2. `task_name` (OPTIONAL, string). A pretty name fo the model taks, for example "Object Classification".

2. `dataset` (list). There can be multiple results [^2]. For each result the following fields are present.

1. `type` (REQUIRED, string). The type of the dataset, can be a dataset id from [HuggingFace datasets](https://hf.co/datasets)
or any other link to a repository containing the dataset[^3], for example "common_voice".
2. `name` (REQUIRED, string). Name pretty name for the dataset, for example "Common Voice (French)".
3. `split` (OPTIONAL, string). The split of the dataset, for example "train".
4. `features` (OPTIONAL, list[string]). List of feature names.
5. `revision` (OPTIONAL, string). Version of the dataset, for example 5503434ddd753f426f4b38109466949a1217c2bb.

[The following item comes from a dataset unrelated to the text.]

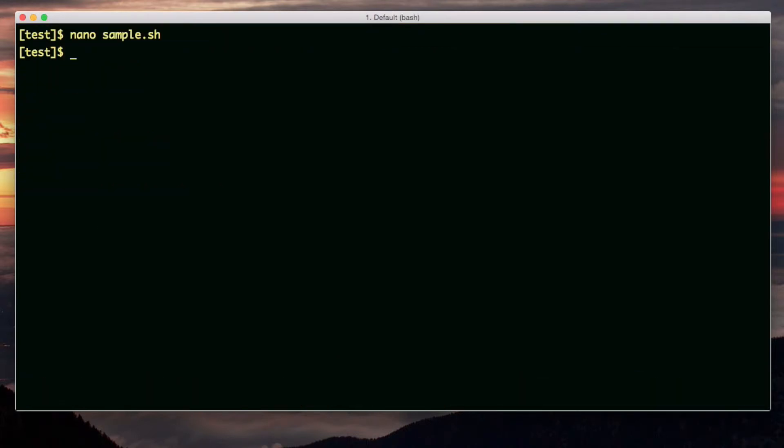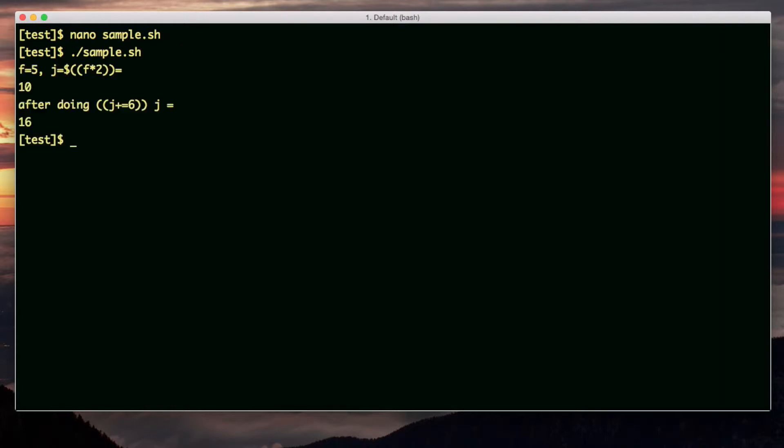So let's exit and run this command. I did do chmod plus x. Okay, we're going to run it. And here's the output.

3. `metrics` (list). There can be multiple metrics. For each metric the following fields are present.

1. `type` (REQUIRED, string). A metric-id from [Hugging Face metrics](https://hf.co//metrics)[^4], for example accuracy.
2. `name` (REQUIRED, string). A descriptive name of the metric. For example "false positive rate" is
not a descriptive name, but "training false positive rate w.r.t class x" is.
3. `dtype` (REQUIRED, string). The data type of the metric, for example `float`.
4. `value` (REQUIRED, float). The value of the metric.
5. `class` (OPTIONAL, string/int/float/bool). Some metrics (such as false positive rate for multiclass classification)
depend on a specific output class. In this field the output class can be specified. It must only be set for metrics
for which it makes sense.
6. `labels` (list). Metrics can be computed for example on subgroups of specific features.
For example one can compute the accuracy for examples where the feature "gender" is set to "male".
There can be multiple subgroups, which means that the metric is computed on the intersection of those subgroups.
For each subgroup the following fields are present.

1. `name` (OPTIONAL, string). The name of the feature. For example: "gender".
2. `type` (OPTIONAL, string). The datatype of the feature, for example `float`. If `name` is set, this field
must be set as well.
3. `value` (OPTIONAL, string). The value of the feature. If `name` is set, this field must be set as wel.
For example: "male".

4. `measurements`.

1. `bar_plots` (list). The purpose of this field is to capute bar plot like measurements, for example SHAP values.
There can be multiple bar plots. For each bar plot the following fields are present.

1. `type` (REQUIRED, string). The type of bar plot, for example "SHAP".
2. `name` (OPTIONAL, string). A pretty name for the plot, for example "Mean Absolute SHAP Values".
3. `results` (list). The contents of the bar plot. A result represents a bar. There can be mutiple results.
For each result the following fields are present.
1. `name` (REQUIRED, string). The name of bar.
2. `value` (REQUIRED, float). The value of the corresponding bar.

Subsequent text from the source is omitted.